Comments on this site and elsewhere have focused on who should take credit for what is quite a special result. I think we should be focusing on what went right and why this was such a success. People might be interested in some detail on this story. The large part of the credit for all of this should go to 2 groups. Firstly the Friends of Rose Hill station, who instigated the whole campaign. They alerted people and with the tremendous help from the Friends groups at Marple and Romiley, along with the GVRUA, got other people involved, gained the support of influential people and groups, wrote letters, planned campaigns, press and publicity and, crucially marshalled the facts to prove that Northern’s arguments were flawed. This group was also responsible for developing the 90 minutes service solution, with the full detail of a worked up timetable that was ultimately adopted by Northern. The idea came from the combined friends groups, no one else. During the campaign, some groups joined the bandwagon without ever notifying or involving the Friends, some influential individuals failed to deliver on meetings and others wrote to the Friends group to say they’d tried but progress was impossible. Despite this, the Friends never gave up and as a group of volunteers they should be treasured by our community.

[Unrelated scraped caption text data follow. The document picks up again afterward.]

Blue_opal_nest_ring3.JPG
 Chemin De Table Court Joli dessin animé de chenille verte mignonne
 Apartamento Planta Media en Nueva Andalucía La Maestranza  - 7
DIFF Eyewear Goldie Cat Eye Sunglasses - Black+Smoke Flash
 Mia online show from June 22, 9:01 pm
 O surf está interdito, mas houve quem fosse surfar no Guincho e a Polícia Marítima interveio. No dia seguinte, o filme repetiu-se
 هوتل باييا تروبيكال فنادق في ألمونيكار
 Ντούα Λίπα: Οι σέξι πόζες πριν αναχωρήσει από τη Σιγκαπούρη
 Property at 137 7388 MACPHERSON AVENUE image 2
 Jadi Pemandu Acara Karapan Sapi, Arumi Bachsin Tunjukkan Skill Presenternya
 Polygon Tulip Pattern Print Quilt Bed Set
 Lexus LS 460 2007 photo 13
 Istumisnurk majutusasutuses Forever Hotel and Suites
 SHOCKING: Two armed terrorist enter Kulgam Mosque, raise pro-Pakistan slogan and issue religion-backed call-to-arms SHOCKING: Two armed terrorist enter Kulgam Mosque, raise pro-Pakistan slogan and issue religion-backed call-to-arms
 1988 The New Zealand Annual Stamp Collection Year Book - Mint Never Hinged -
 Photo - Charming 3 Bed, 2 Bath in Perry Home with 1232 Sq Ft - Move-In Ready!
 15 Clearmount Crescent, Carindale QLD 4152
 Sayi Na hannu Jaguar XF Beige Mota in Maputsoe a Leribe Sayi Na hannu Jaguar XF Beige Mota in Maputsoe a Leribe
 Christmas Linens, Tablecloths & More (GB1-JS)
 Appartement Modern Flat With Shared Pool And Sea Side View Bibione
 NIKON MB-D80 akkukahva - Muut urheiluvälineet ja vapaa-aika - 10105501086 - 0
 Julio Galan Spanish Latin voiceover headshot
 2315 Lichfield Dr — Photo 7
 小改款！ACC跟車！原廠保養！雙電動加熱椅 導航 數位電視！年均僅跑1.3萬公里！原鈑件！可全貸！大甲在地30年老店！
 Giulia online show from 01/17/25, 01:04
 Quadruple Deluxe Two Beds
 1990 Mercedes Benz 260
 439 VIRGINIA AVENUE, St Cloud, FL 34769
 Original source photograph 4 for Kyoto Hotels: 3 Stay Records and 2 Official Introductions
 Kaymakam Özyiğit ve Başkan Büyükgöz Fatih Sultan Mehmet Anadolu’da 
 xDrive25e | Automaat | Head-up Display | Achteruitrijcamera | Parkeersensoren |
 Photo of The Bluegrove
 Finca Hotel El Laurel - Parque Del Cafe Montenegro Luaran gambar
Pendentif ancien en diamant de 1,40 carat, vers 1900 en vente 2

No one has highlighted the background that allowed the Marple Area committee to call an extraordinary meeting. This used an arcane part of the council constitution which gave powers to call Northern to account and allowed the Friends groups and local councillors to question them in public - the only time this happened - and reveal their arguments flew in the face of facts and data. This undermined Northern’s approach and skilfully brought in TfGM as experts to discredit Northern for their failure to consider a range of reasonable alternatives. The basis of this meeting came from a part of the Constitution that has never been used before. I know how it was found and how it was developed, and that the council didn’t know how to structure the meeting initially and who advised them how to do it. This meeting ended with admittedly a rather bizarre solution but not without precedent. As a trained professional negotiator in my past I know that if you want to leverage an alternative plan you have to be prepared to carry it through and show that you’ve done the work to do so. At the time of Northern’s U-turn the meeting had used its powers to get council officers engaged with Northern, TfGM and the rail operators to talk about how a plan developed by a small group of amateurs was going to do what Northern couldn’t, despite all their expertise and resources.
In making the U-turn the government Rail Minister was factually incorrect in some of the things he said. He failed to research the correspondence received by his boss Grant Shapps the Transport Minister. This included a letter from 11 local Lib Dem councillors which received a full reply from Grant Shapps. The Rail minister is not the first who has presented incorrect information in justifying a U-turn. He missed other contacts by local councillors too, an error which was maybe more understandable if he didn't understand local structures, but made the depth of his untruths even worse. Those people who have chosen to circulate these false assertions, without checking, have proved the truth of the adage “a lie is halfway around the world before the truth has got its boots on“. This incident has also proved the adage a victory has 1000 parents whereas a defeat is an orphan.
The second group that deserves credit for this success is the people of Marple. Around an eighth of the total population of our town signed the Lib Dem petition but more importantly took the trouble to write to MPs, Ministers, the Manchester Mayor, TfGM and generally register their articulate, reasoned objections. Our community of residents should be proud to have proved that a passionate justified and well-organised campaign can overturn a Government decision. That should be celebrated.